Work request >>
Each record here should be printed again exactly; please leave its pictures out.

Information supplied >>
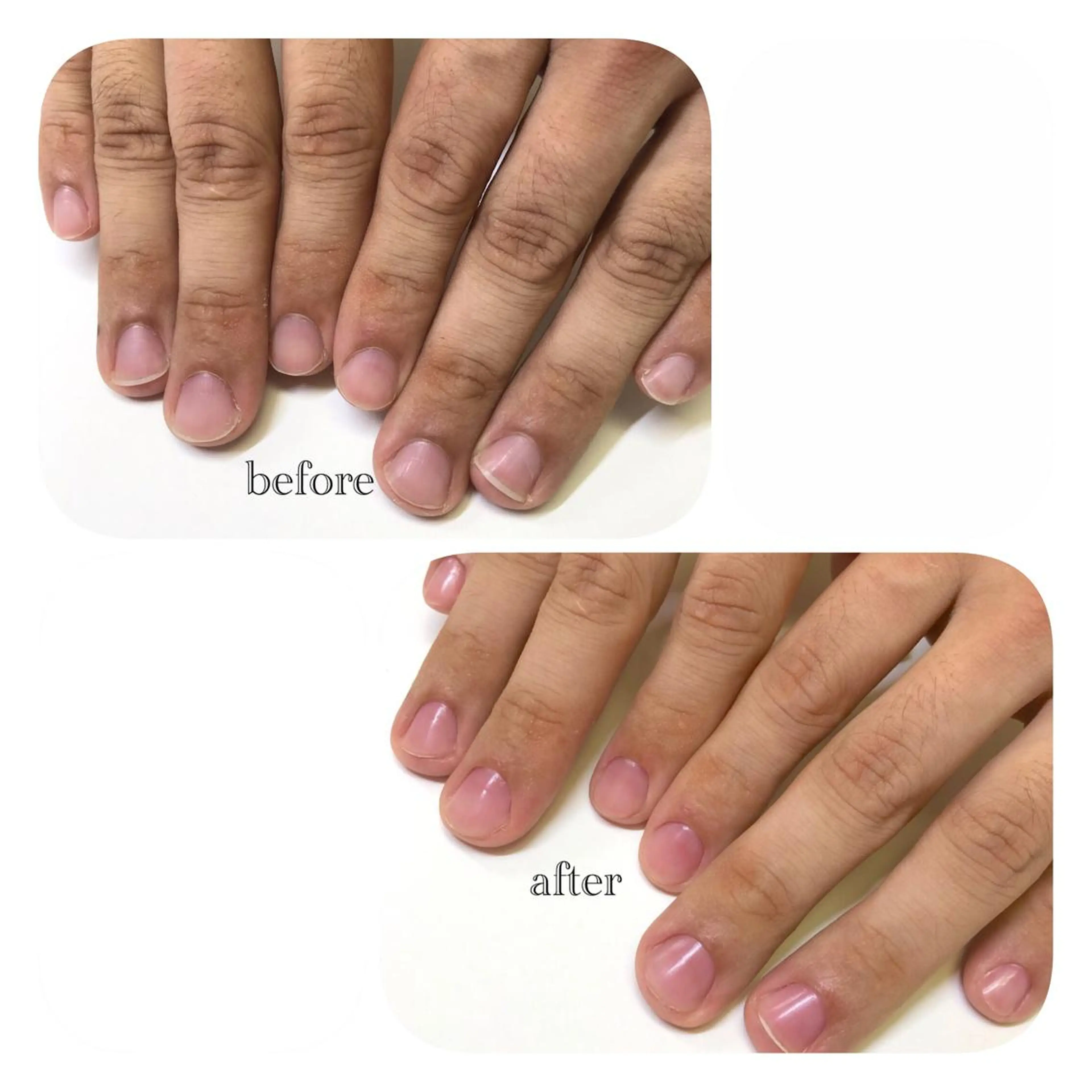 メンズ ネイル メンズネイル ネイルサロン -EPER-エペルのネイルデザイン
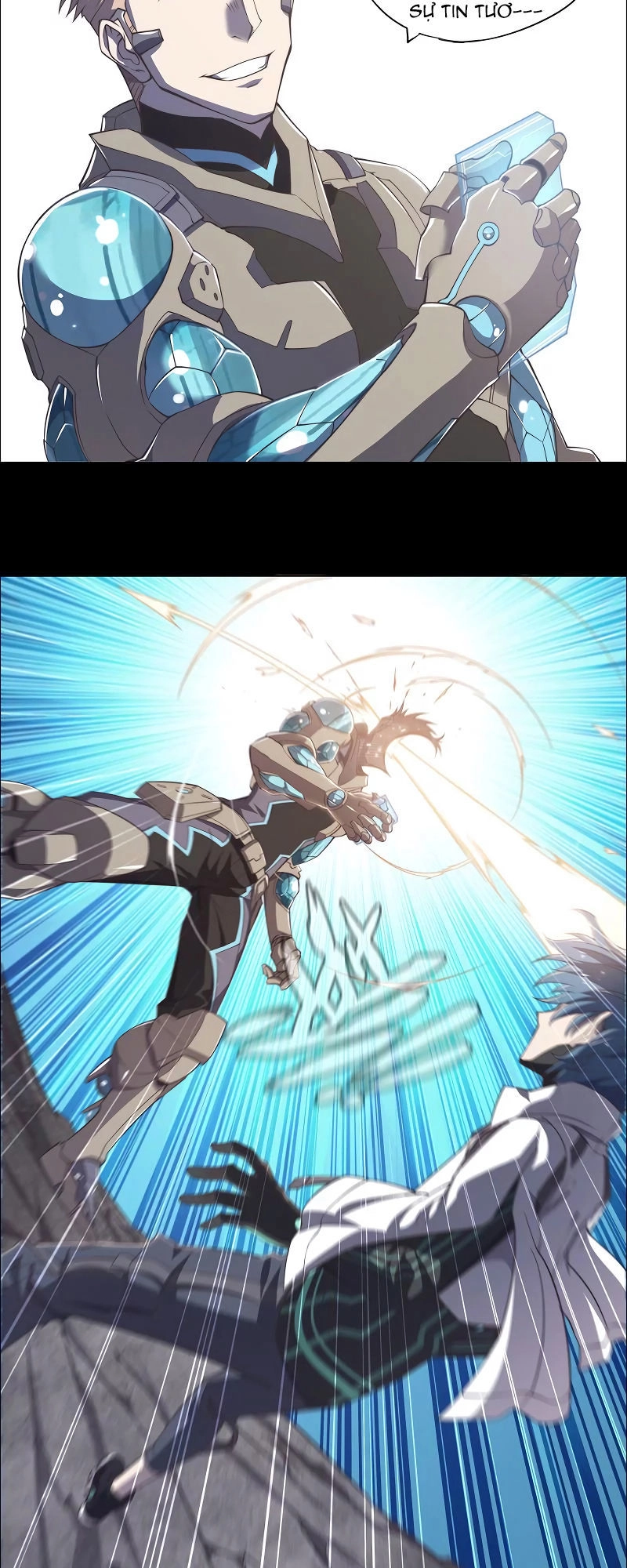 Thần Giới Online Chapter 8 - 14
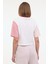 Wl Annabel 11CK1235 4fx Pembe Kadın Kısa Kol T-Shirt 2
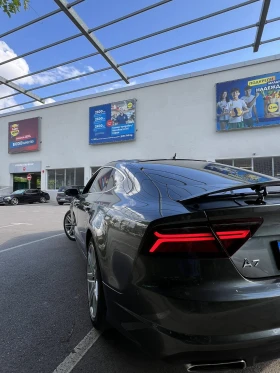 Audi A7 S Line  | Mobile.bg    7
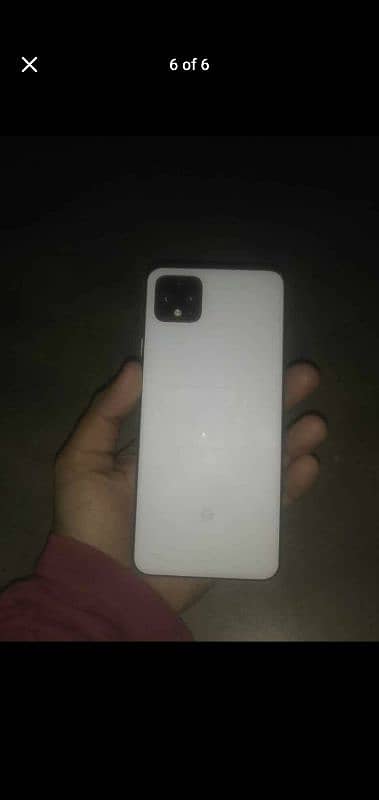 google pixel 4xl non pta  crack ur dot 0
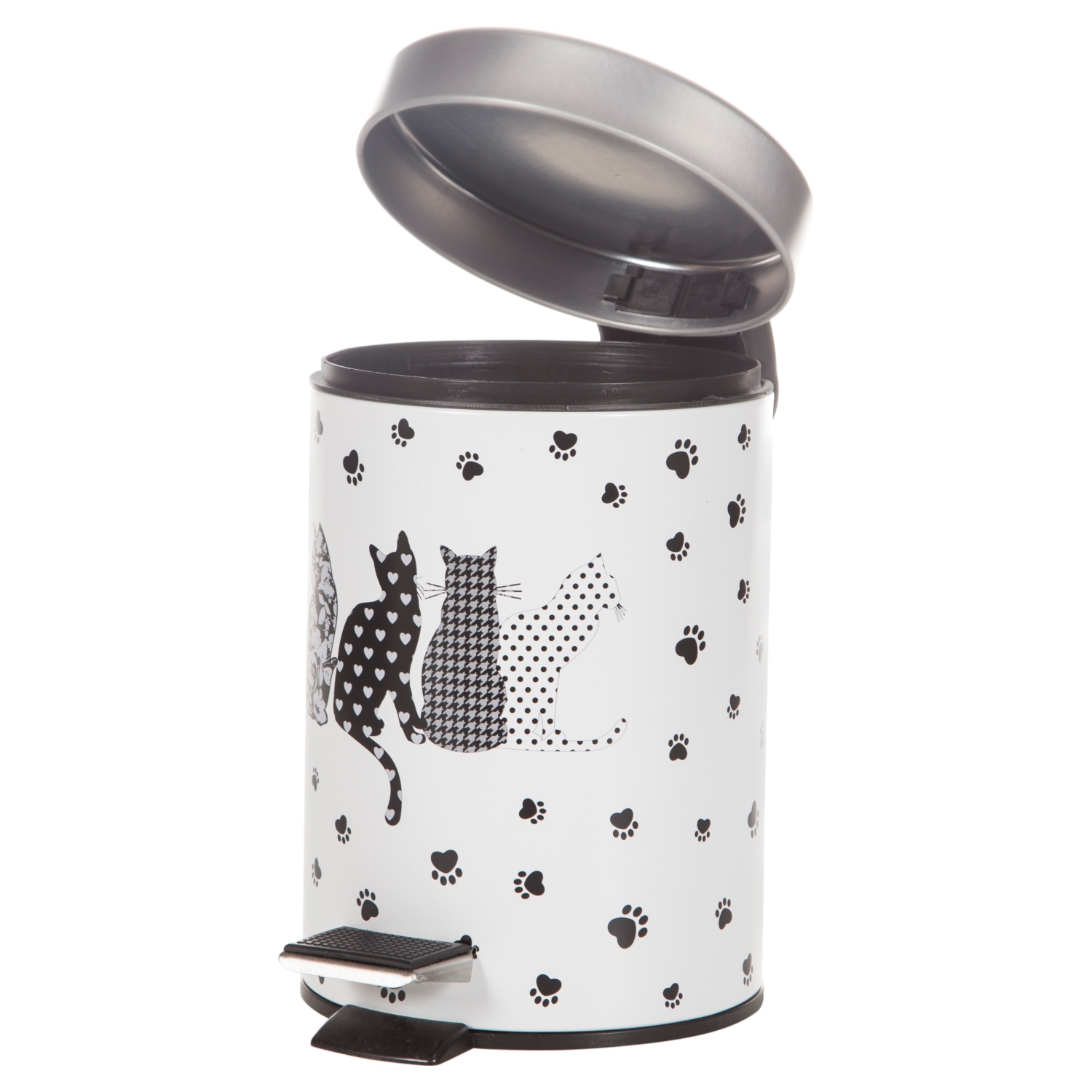 ÇÖP KOVASI KEDİ 5 LT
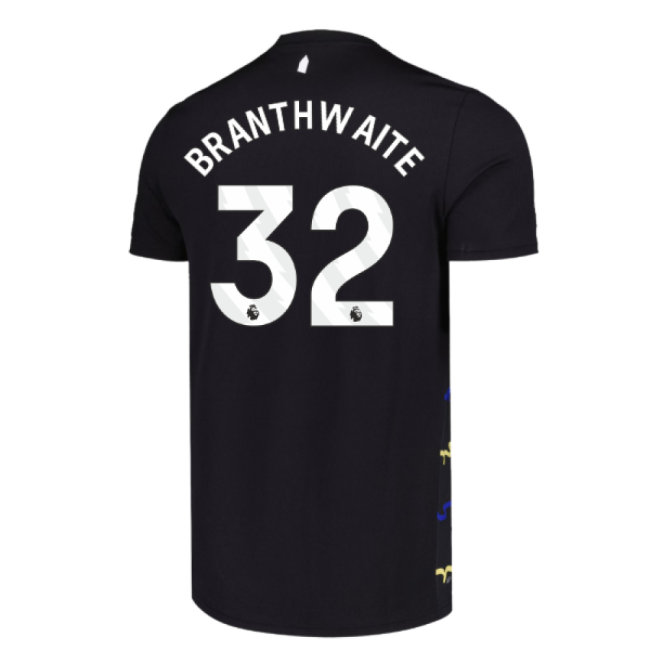 2025-2026 Everton Third Shirt (Branthwaite 32)-Football Shirts Shop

Result of the task >>
 メンズ ネイル メンズネイル ネイルサロン -EPER-エペルのネイルデザイン
 Thần Giới Online Chapter 8 - 14
 Wl Annabel 11CK1235 4fx Pembe Kadın Kısa Kol T-Shirt 2
 Audi A7 S Line  | Mobile.bg    7
 google pixel 4xl non pta  crack ur dot 0
 ÇÖP KOVASI KEDİ 5 LT
 2025-2026 Everton Third Shirt (Branthwaite 32)-Football Shirts Shop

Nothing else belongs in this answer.